670万件の取引データを分析したiSeeCarsの最新レポートによると、中古グリーンカーマーケットで二極化の傾向が鮮明になっている。ハイブリッド車やテスラは安定した売れ行きを見せる一方、従来の自動車メーカーが手がける多くのEVは中古車バイヤーの間で存在感を失いつつあるのだ。
販売が最も低迷しているのは、GMCシエラEV、キャデラック・エスカレードIQ、シボレー・シルバラードEV、ブレイザーEV、GMCハマーEVといったモデルたちだ。中古車の平均販売日数は58.8日だが、GMのEVの一部は100日以上も動かないままディーラーの在庫として留まっている。なかでもシエラEVは際立っており、市場に出ている期間が平均160日を超えている。
iSeeCarsのエグゼクティブアナリスト、カール・ブラウアー氏によれば、この1年で中古車需要は全体的に軟化しており、価格の下落と販売の鈍化が進んでいるという。それでも、テスラと主流のハイブリッド車は相対的に底堅い動きを見せている。

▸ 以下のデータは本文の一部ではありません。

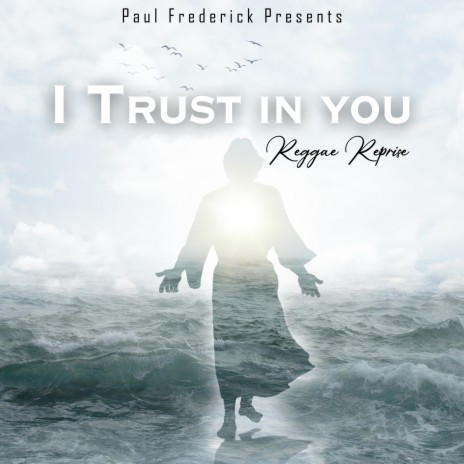 I Trust In You (Reggae Reprise)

価格データもこの傾向を裏打ちしている。2026年第1四半期において、テスラを除く中古EVの価格は前年同期比で10.3%下落。ハイブリッド車は下落率がわずか1.4%、ガソリン車が2.8%の下げにとどまったのに対し、テスラはほぼ価値を維持した。
中古車市場への追い打ちとなっているのが、ディーラーによるGM新型EVへの大胆な値引き攻勢だ。同レポートでは、メーカー希望小売価格から最大12,500ドルものディスカウントが提示されている。新型シルバラードEVやブレイザーEVが大幅値引きで買えるとなれば、中古車はそれ以上に手頃でなければ、顧客は新車に流れてしまうだろう。
対照的に、ハイブリッド車は非常に好調を維持している。iSeeCarsのデータでは、中古市場におけるハイブリッド車のシェアが前年比41.8%も急伸した。その魅力はわかりやすい。充電インフラに依存せずに燃料代を節約できる点が、今の市場では完全EVの魅力を上回っているのだ。

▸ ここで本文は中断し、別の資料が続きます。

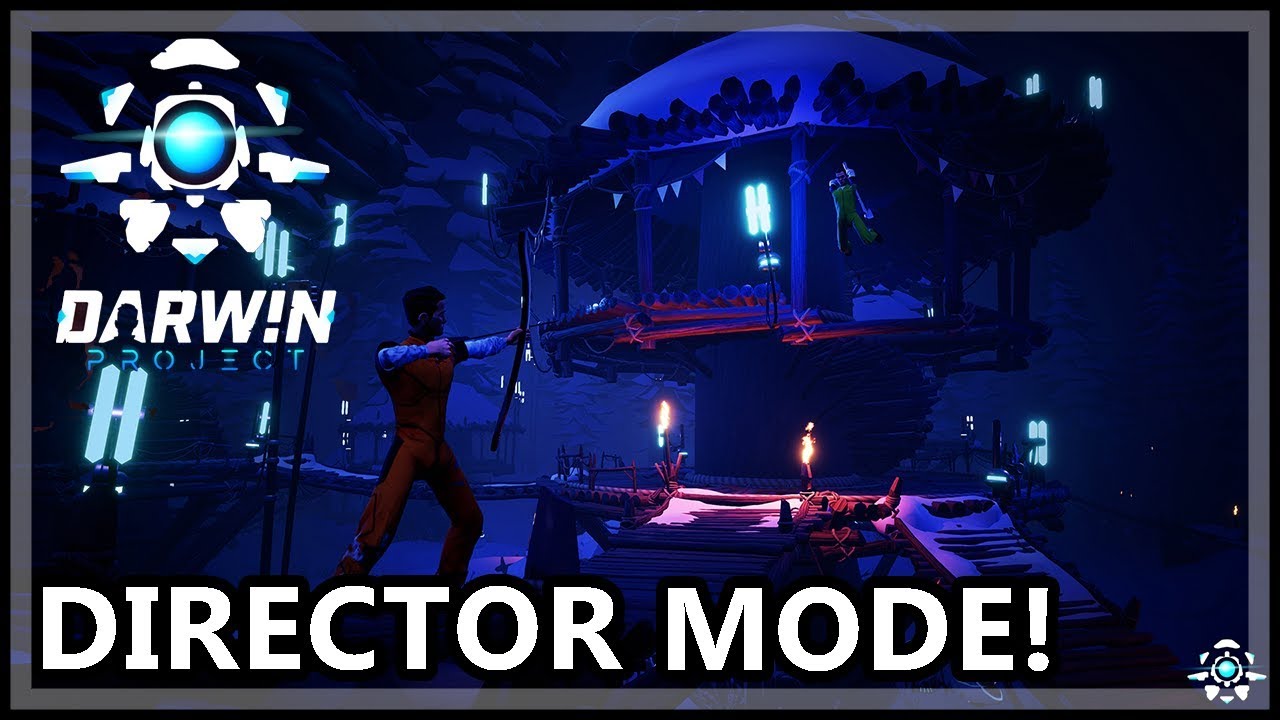 The Darwin Project - DIRECTOR MODE!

一方で、あえて中古EVを探している消費者にとっては、需要の弱さはむしろ好機とも言える。売れ行きの鈍いブレイザーEVやハマーEV、シエラEVを抱えるディーラーは値引き交渉に応じやすくなるからだ。しかし、データが浮き彫りにするのは、今の中古車市場で買い手が重視しているのは、派手な電動モデルではなく、予測可能なリセールバリューと日常生活での妥協の少なさだという事実である。